I love headlines like this, they always grab people’s attention. And in all seriousness, I felt this worthy of a punchy title.

Internet prognosticators are reporting that turntable sales dropped five per cent in 2017 over 2016 based on numbers reportedly being supplied by industry watchdog GfK. Does this mean vinyl lovers – new, old, or steadfast through the decades – are all re-upped for ‘tables? Or is it merely a blip on an otherwise healthy spreadsheet of growth over the last several years? Or does it mean that more black-disc lovers are turning to the used market, or the web for their ‘tables?

Or is it just that sales that are reported and tracked by some of these companies whose job it is to keep an eye on this sort of this thing aren’t looking at the big picture in an accurate manner? I mean if you’re going to look at vinyl sales for example, the market for used LPs is staggeringly large, but none of these companies seem to tout numbers which tracks those sales (and in all honesty, it would be nearly impossible to do).

The world’s largest turntable manufactures don’t seem to think that the future holds decline, just the opposite as giants like Pro-Ject spin up new factories, and introduce new decks like the Debut III S. Rega reportedly is shipping as many as 4,000 turntables per month, but I guess the question remains “are these number sustainable?


The brand new Pro-Ject Debut III S.

Heinz Lichtenegger, the President of Pro-Ject Audio, and CEO of Audiotuning had this to say when I contacted him regarding this news (edited for spelling, and grammar):

“We think the numbers are inaccurate because the model being used is an imprecise model, as it only tracks the main retailers who report, but not the niches.

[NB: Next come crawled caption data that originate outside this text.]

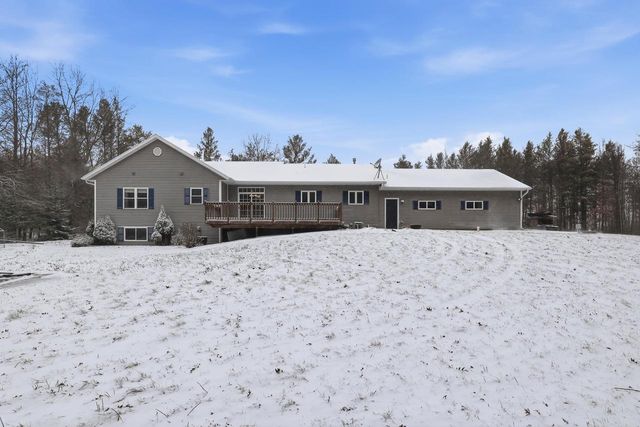 2701 BLUE JAY LANE, Stevens Point, WI 54481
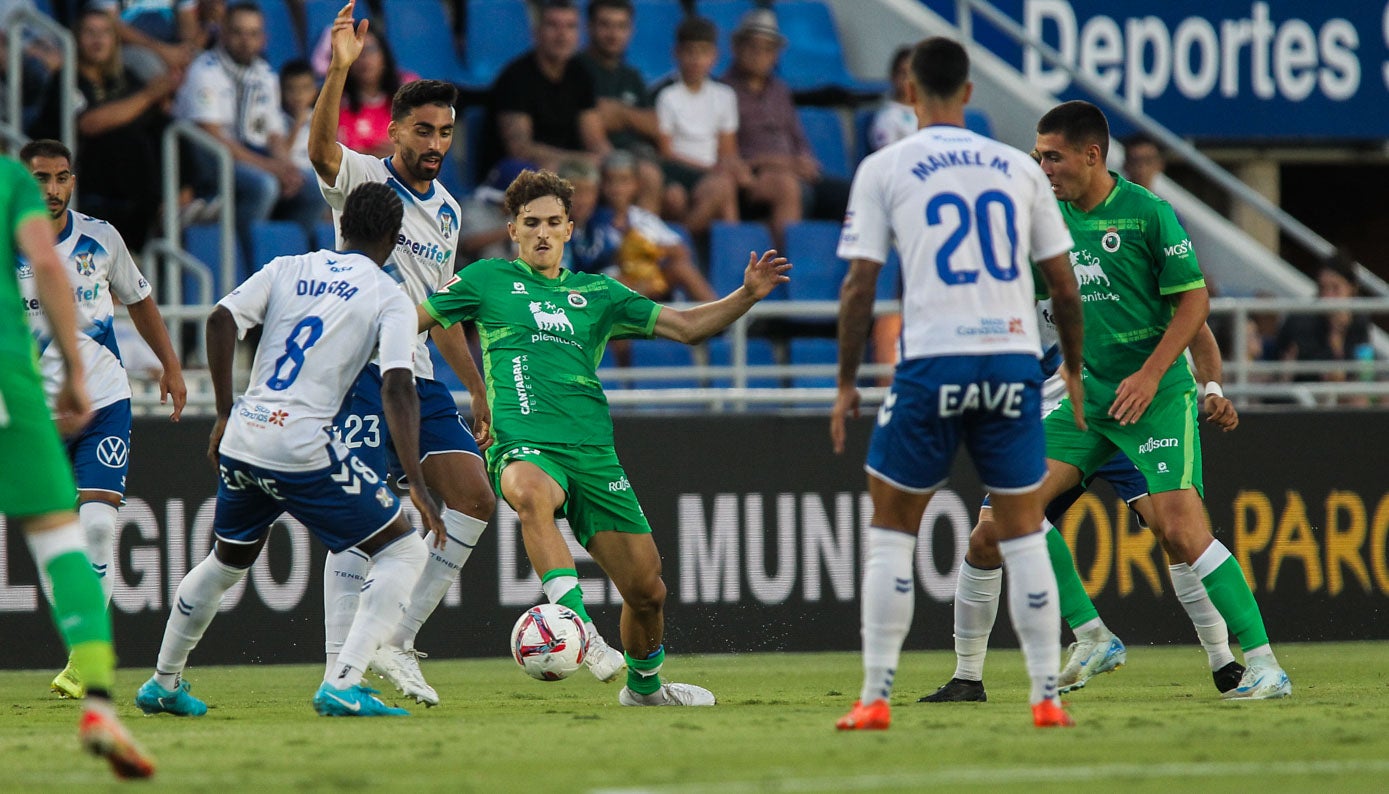 Pablo Rodríguez, rodeado de jugadores del Tenerife.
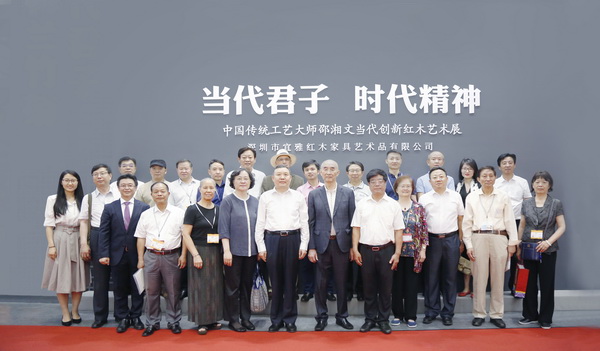 出席首发仪式的重量级嘉宾在泰和园当代君子展区前合影 出席首发仪式的重量级嘉宾在泰和园当代君子展区前合影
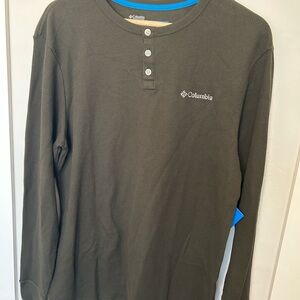 Columbia Men's Dark Green Long Sleeve Henley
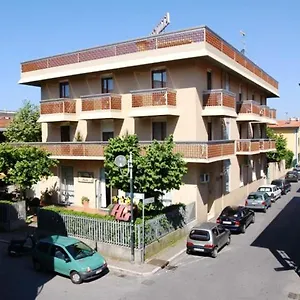 Giulia 3* Marina di Massa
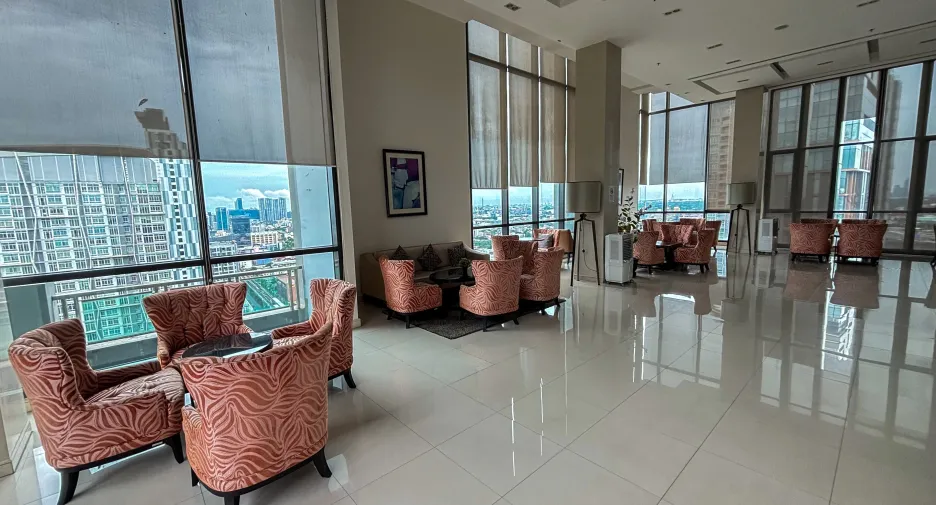 Wohnung zum Kauf und zur Miete mit 2 Zimmer in Phra Khanong, Bangkok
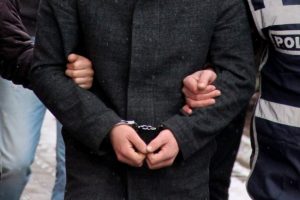 Bursa'da FET&Ouml;'n&uuml;n askeri yapılanmasına operasyon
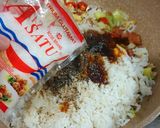 Foto langkah ke 5 dari resep Nasi Goreng ala Solaria.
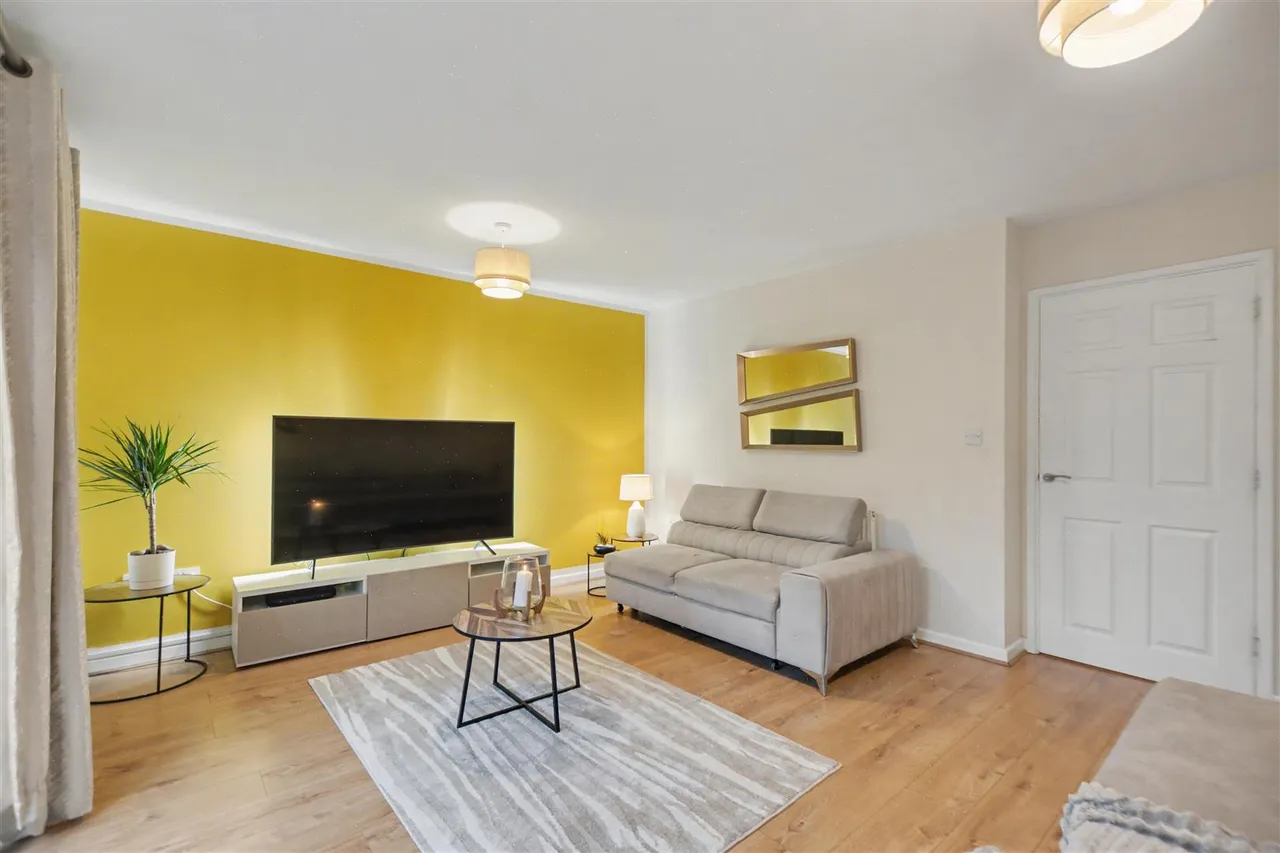 Festival Crescent, Trowell, NG9, photo 3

Analog sales are happening in a lot of channels such as audiophile dealers, record stores, and also online – so our info is a little bit different.

Yes, while the traditional trade has seen a dip in sales, we see a huge move to the Internet and to many new brands which are everywhere popping up, selling more or less variation of the same factories who supply Teac, AudioTechnica, Onkyio, etc. These are turntables you can only buy online, they are mostly plastic, with terrible cartridges. So what we’re seeing is a huge move from traditional €400 models to €200 and less models.

Also all the DJ variants which nobody needs at home (who needs scratching, stroboscope, quick start or detachable head shell?) have been largely increasing due to romantic association with the Technics SL 1210.

So business is up, but not in the good way, because we feel all this stuff creates a disappointed customer, who will think, “Analog does not sound better then my MP3.” So in the end there seems to be a larger harm to that beautiful flower of analog we have grown up now for so many years.

I hope there will be lot of people who stand up and tell people what is crap, and what a good quality turntable experience is: Manual operation, good cartridge, good stiff arm, no plastic whatsoever.

I swear, Pro-ject will fight for our idea of what makes a great analog experience. That’s for sure.”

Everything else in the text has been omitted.